Rim-to-Ribbon-to-Rim, AZ, USA
02 April 2017
HIKING DISTANCE: 30 Miles
VERTICAL: +5,980' / -6,380'
TIME: 11 Hours 51 Minutes
S. Kaibab to N. Kaibab to Ribbon Falls to N. Kaibab to S. Kaibab to Tonto to Bright Angel.
I rose early this morning to catch the first hiker shuttle from the Backcountry Office to the South Kaibab Trailhead, which got me hiking by 630a. Early bird and all that. And well worth it, as I caught the morning sun blasting the eastern face of Cedar Ridge, an iconic feature of the iconic-in-and-of-itself Grand Canyon. That view - at that time of day, in particular - never gets old. On the way down, I didn't see too many other folks, which isn't terribly surprising, given the early season. As I passed a crew of young people, they teased me about my pace and asked where I was heading, so I told them I'd originally planned the Rim-to-Rim-to-Rim but was settling for a quick jaunt down to Ribbon Falls and back, since the Supai Tunnel was closed for a landslide. They smiled and said "Cool," then a minute later followed up with "Wait, all the way to the North Rim and back...in a day?!" I love when people react that way to hearing about my ambition. Little ego boost, not that I need it. Never gets old.
See what folks don't understand about my time in nature is that it's threefold. Nature is my cathedral, my canvas, and my gym. This early in the season, it's more the latter than either of the former. This trip was surprisingly challenging. It was only about 2/3 the demand of last year's R2R2R, and yet my body suffered nearly as much. Chafe wasn't so much a concern as last year, but my calves were locking up every couple steps for the last half mile of the final climb. I don't even know if I could've completed the R2R2R this go-round. I'm painfully outta shape. Time to get serious about trading pounds for endurance.

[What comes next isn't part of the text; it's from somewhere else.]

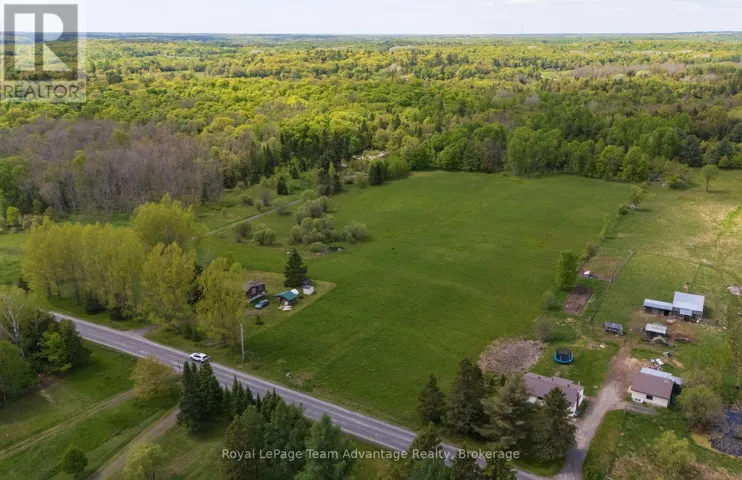 13 LAKESIDE DRIVE, McKellar, Ontario P2A0B4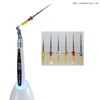 Osakadent Packing Dental Heat Activation Blue Niti Rotary File Machine Use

The bridge that provides access to Ribbon Falls was closed when I arrived. I considered fording the creek and heading up to the falls, but I ultimately chose to skip it. I visited the falls last year when I did the Rim-to-Rim-to-Rim, and I didn't feel very stoked about the prospect of getting my feet wet. Speaking of closures, the rumored closure on the River Trail makes three for three. The closure of the Supai Tunnel and the River Trail helped shape a pretty cool trek, actually. I'd be absolutely shredded right now if I'd gone the whole way; I think I'm in far worse shape this spring than last. And I'm stoked that I got to experience the Tonto Trail, which I wouldn't have done without the River Trail closure. All things for a reason. I've hiked the Grand Canyon a half dozen times in various ways and to varying degrees. It was cool to see it from a decidedly unique perspective. Worth the extra effort to cross the barren, esposed plateau in the heat of the day. Absolutely beautiful. The desert is alive with bursts of color- reds, yellows, and greens. Blooming flowers and cacti peppered the landscape- Indian Paintbrush, Red Columbine, Skyrocket, Crimson Monkeyflower, Fleabane, and others. And butterflies, so many butterflies. Shoulder seasons are my favorite.
When I finally reached Indian Garden below the South Rim Village, the sun was hanging low in the sky offering some relief from the oppressive heat, but doing nothing for the strain in my legs. I sat down on one of the benches among the Cottonwoods. Each moment I spent there made it harder to choose to stand up again. But then I noticed that I could see the American flag flying high on the rim. Talk about a carrot. All I gotta do, I thought, is keep my eye on the prize. Just the push I needed to stand up and be on my way. It didn't hurt that I got to enjoy the shade the whole way up, and then the setting sun just as I reached the top. Yes, all of that. And the dozen California Condors circling overhead as I climbed. Seriously. You can't make this stuff up. What an incredible little trip.